Sometimes I feel a little mischievous writing this column. I start out focused on a simple community story but, before you know it, I’ve stumbled onto something really exciting. Take this week, for example.
My friend Ry Keller is the president of the Northwest Montana chapter of the Experimental Aircraft Association (www.eaa102.org). This club started out as a bunch of (mostly) guys who built their own airplanes. It’s expanded to men and women who build airplanes, restore airplanes, design airplanes, or just like to hang around with a bunch of other folks who love airplanes. The Northwest Montana chapter is having a fly-in on Sept. 1 at the Ferndale Airport, near Bigfork. It will be a fun family event starting with a pancake breakfast, free airplane rides for the kids and, undoubtedly, quite a collection of cool airplanes. As Ry describes it, it’s a chance to “have pancakes with a pilot.”
So I suggested to Ry that maybe I could take his picture next to an airplane for this column. Ry doesn’t own an airplane, but he knows a lot of people who do. So he said, “Let’s meet over at Ed Horstman’s house. Ed has a Beech Staggerwing that I’m sure he’d let us use.” That sounded fine. For those not familiar with the aircraft, the Staggerwing was Beechcraft’s luxury, executive airplane of the 1930s. Sleek, plush, and about as much like your typical biplane as a Mercedes is like a Yugo. So I was happy to make the trip for a photo.
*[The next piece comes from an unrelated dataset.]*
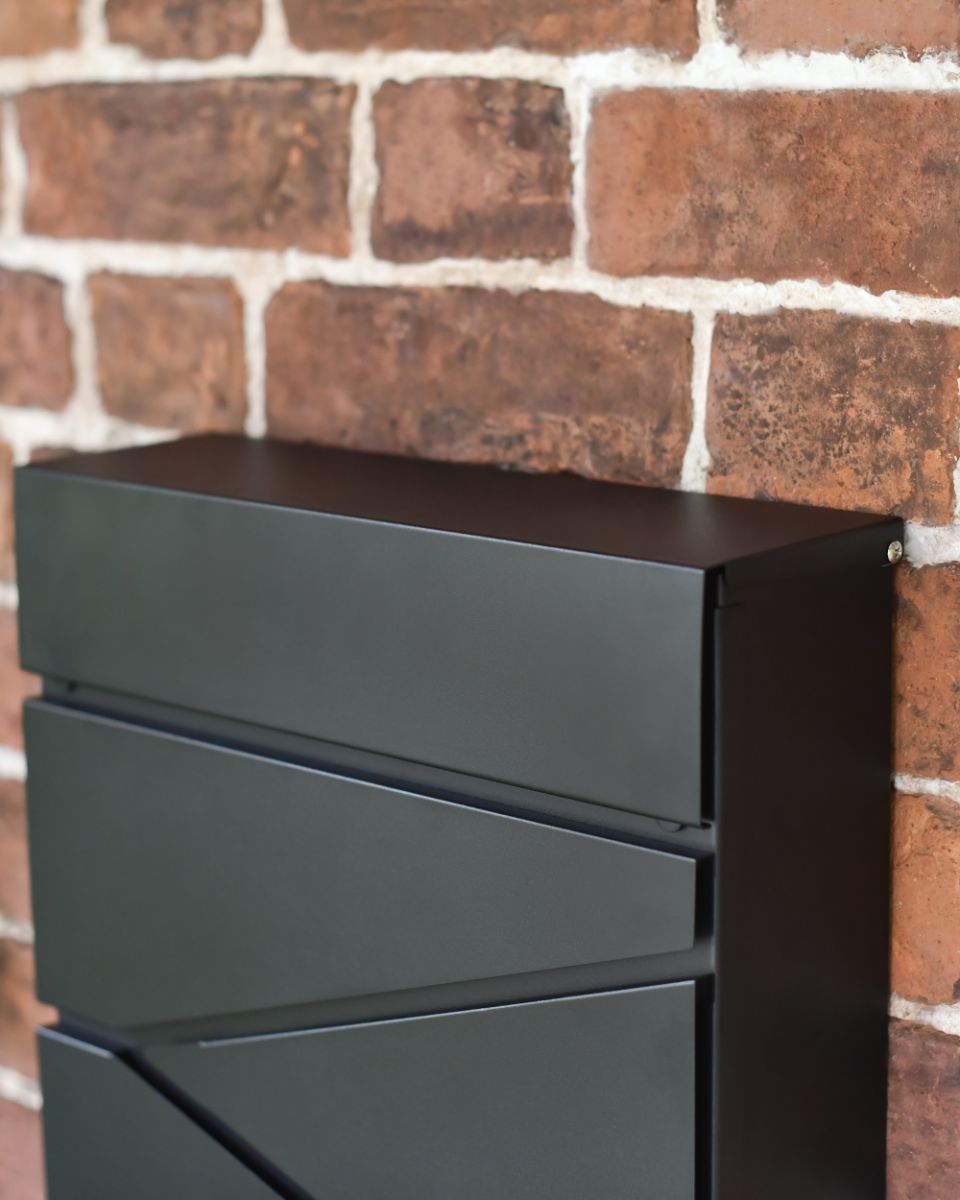Details On The leading Edge Post Box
There are a few things you should know before you visit Ed Horstman’s house. First, it’s a fine house, but most of it is an airplane hangar. Second, although there is a Staggerwing in the hangar, that’s not what captures your attention. Because to get to the Staggerwing, you have to walk past Ed’s bright blue and yellow Stearman. OK, the Stearman is a classic biplane, not meant for executive transport. But if the Staggerwing is the Mercedes, the Stearman is the Ferrari. A sporty workhorse of an airplane with tandem open cockpits, it’s the airplane that comes to mind when you’re in the mood to dust some crops or do some barnstorming. Of course, you wouldn’t use Ed’s Stearman to dust crops. You might get it dirty.
Ed is refurbishing the Stearman and, as you look at the pieces he’s in the process of putting back together, you can see that Ed sweats the details. Take the guy wires for example. They’re not really wires, but stainless steel rods that have been shaped into little airfoils. Ed was in the process of re-threading and polishing one as we arrived. Look around Ed’s hangar and you realize you’re in the presence of a man who does a lot of polishing. (I took a clear picture of the three of us reflected in a prop spinner. Who needs a fisheye lens?)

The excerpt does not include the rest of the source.